Introduction
Have you ever wondered how Netflix comes to know which show will keep you hooked to your laptop screens? Or you hit the gym and put on your favourite Spotify track, and then Spotify automatically keeps playing tracks on its own and you still love each and every one of them? Well, it’s not a fluke. The recommendation engines of these apps are sophisticatedly designed to provide you with products of your choice. They constantly try to learn more and more about you by keeping track of your interactions within the app and devising some underlying recurring patterns. Suppose you recently acquired a taste for the rock and roll genre. Your last four Spotify tracks have been about rock and roll. The app is likely to recommend similar tracks for at least a brief period of time until it learns a shift in your user activity. The technique used to design these intelligent recommendation engines is known as Unsupervised Machine learning.
Unsupervised Learning is one of the three broadly classified Machine Learning techniques. The objective of unsupervised learning is to infer patterns without a target variable. Unlike supervised learning, where the objectives are well defined, i.e, we are supposed to find out the dependent or the target variable, in unsupervised learning we don’t have any defined objectives. We are supposed to extract all the relevant observations and results by critically studying the data points.

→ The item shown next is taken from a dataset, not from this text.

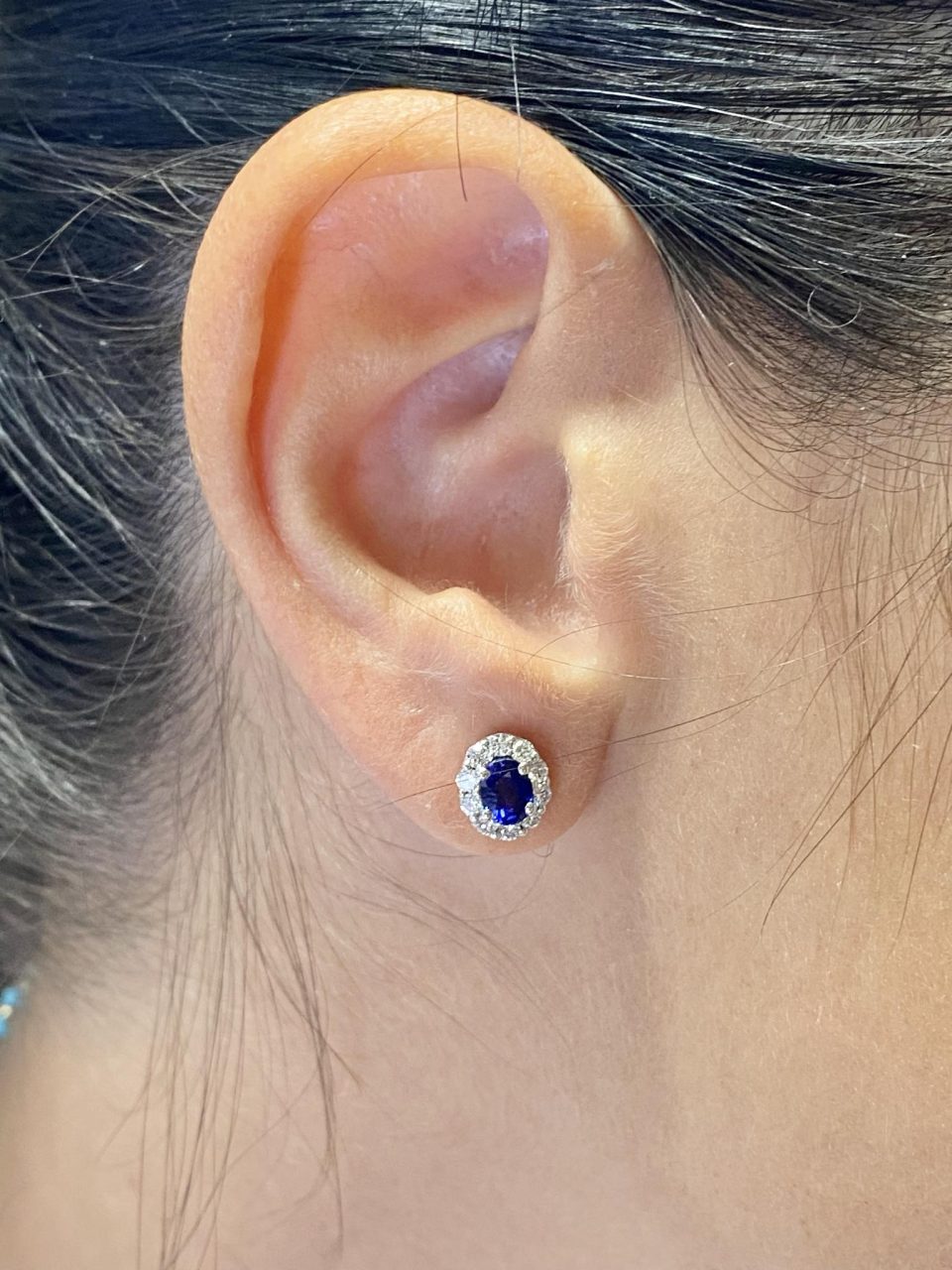 Orecchini Crivelli in Oro 18KT con Zaffiri Ct. 0,98 e Diamanti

Commonly known supervised learning algorithms cannot be directly applied in unsupervised learning techniques.
Some Popular Unsupervised Learning Techniques
Unsupervised learning models are employed for three major tasks:-
- Clustering
- Association
- Dimensionality Reduction
Clustering
Grouping of similar data points within an unlabelled dataset is called clustering. This is one of the most popular techniques in Data Science. The data points are closely related to the other data points within their cluster. However, this might not mean there are no similarities between data points of different clusters. This is an ideal case scenario that is unlikely to occur in real-world applications. But the aim should be to minimise these similarities between data points of different clusters as much as possible. Clustering are of various types:- Exclusive, Overlapping, Hierarchical, and probabilistic.
Exclusive Clustering
Exclusive clustering prescribes that a data point can’t be shared among different clusters, i.e, any data point cannot be part of more than one cluster. This clustering technique is also referred to as “Hard clustering”. K-means algorithm works on the principle of Exclusive clustering.

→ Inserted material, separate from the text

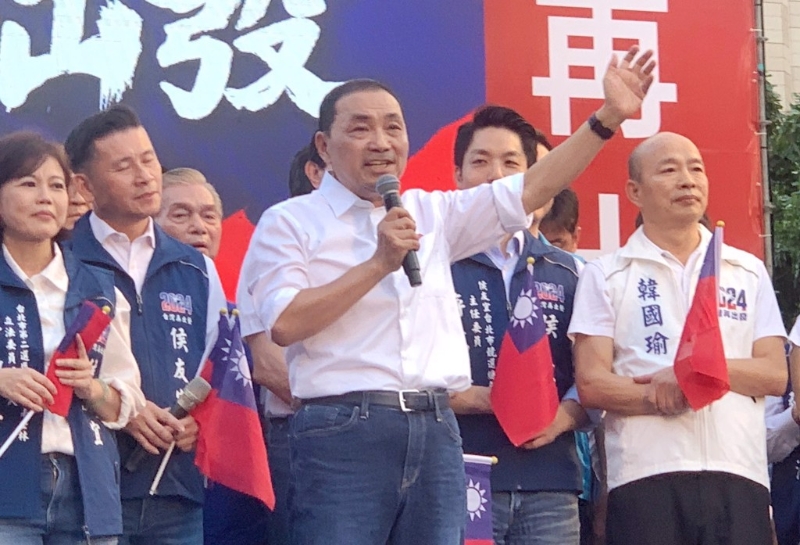 国民党侯友宜（中）4日出席在台北市政府前广场举行的万人造势大会，前高雄市长韩国瑜（右）也到场力挺。（资料照）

In K means clustering, data points are assigned into K groups (where K refers to the number of groups or clusters) depending on their distance from the centroid. More groups (higher value of K) would imply more specificity of the clusters and vice versa. It’s important to remember that we need to take an optimised K value to avoid overfitting or underfitting.
Source: Link
Above is an implementation of K-means clustering where we have clustered flowers based on their petal length and width. The dataset used is iris dataset which is available on the internet. We would recommend having a look at the dataset for a better understanding.
Overlapping Clustering
Sometimes It might not be possible to put a data point into one cluster. This is where Soft clustering comes in. Overlapping clustering allows sharing of data points with a degree of memberships in different clusters. A well-known example of overlapping clustering is soft k means clustering.

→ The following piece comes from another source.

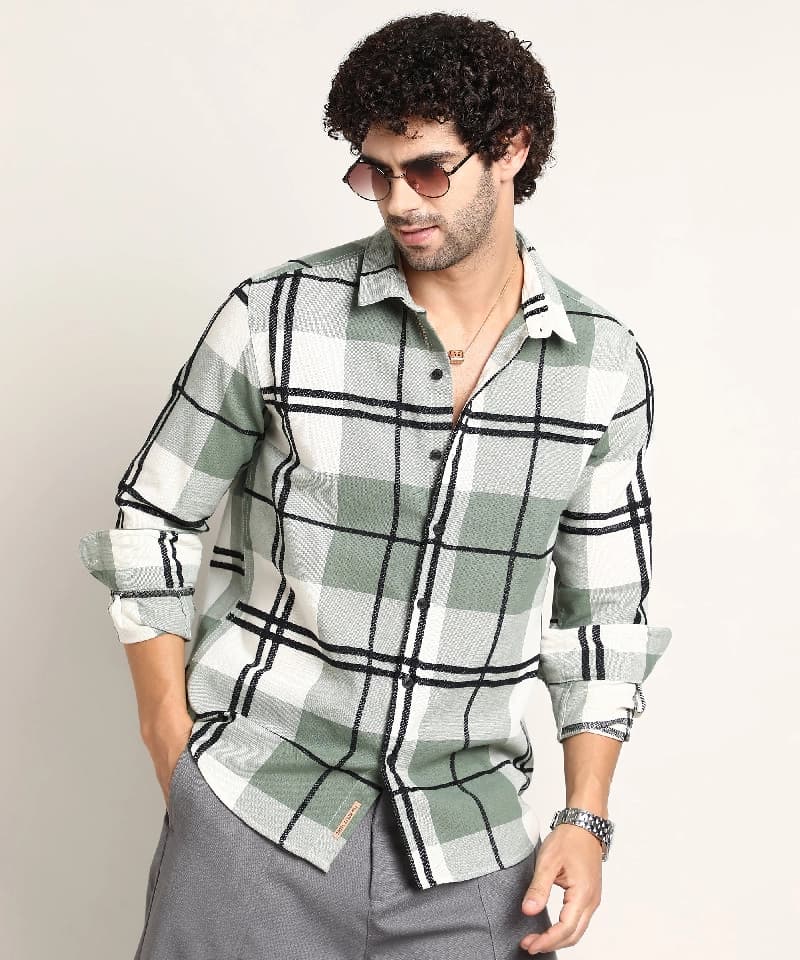 Men's Green Casual Checked Regular Fit Shirt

Source - www.TowardsDataScience.com)
The above graphs show how Soft k-means differs from conventional or Hard k-means in clustering methods.
Hierarchical Clustering
Hierarchical Clustering can be classified into two ways:-
- Agglomerative Clustering:- It’s a bottom-up approach of clustering the data points. Have a look at the figure below for a better understanding.
In Agglomerative Clustering, we start from individual data points, steadily building clusters (iterative clustering) in a hierarchical manner until all the data points in the data set are a part of one single cluster.
The tree-like structure depicting the hierarchy is known as a dendrogram.
These clusterings are done on the basis of similarity between the data points. Various methods are employed to gauge these similarities, like ward’s linkage, average linkage, complete linkage, and single linkage.
- Divisive Clustering: Divisive Clustering is a top-down approach, polar opposite of Agglomerative Clustering. In this case, we start from a single cluster consisting of all the data points, dividing them into smaller clusters for granularity of data patterns. Divisive Clustering isn’t commonly preferred over agglomerative clustering.
Probabilistic Clustering
Probabilistic Clustering assigns data points with a probability of belonging to certain distribution. It differs from hard clustering in a way that it doesn’t assign every data point to a certain cluster with absolute certainty. This way it’s more flexible with its clustering methods. Gaussian Method Model is the most popular technique to implement probabilistic clustering. GMMs determine in which distribution a data point belongs.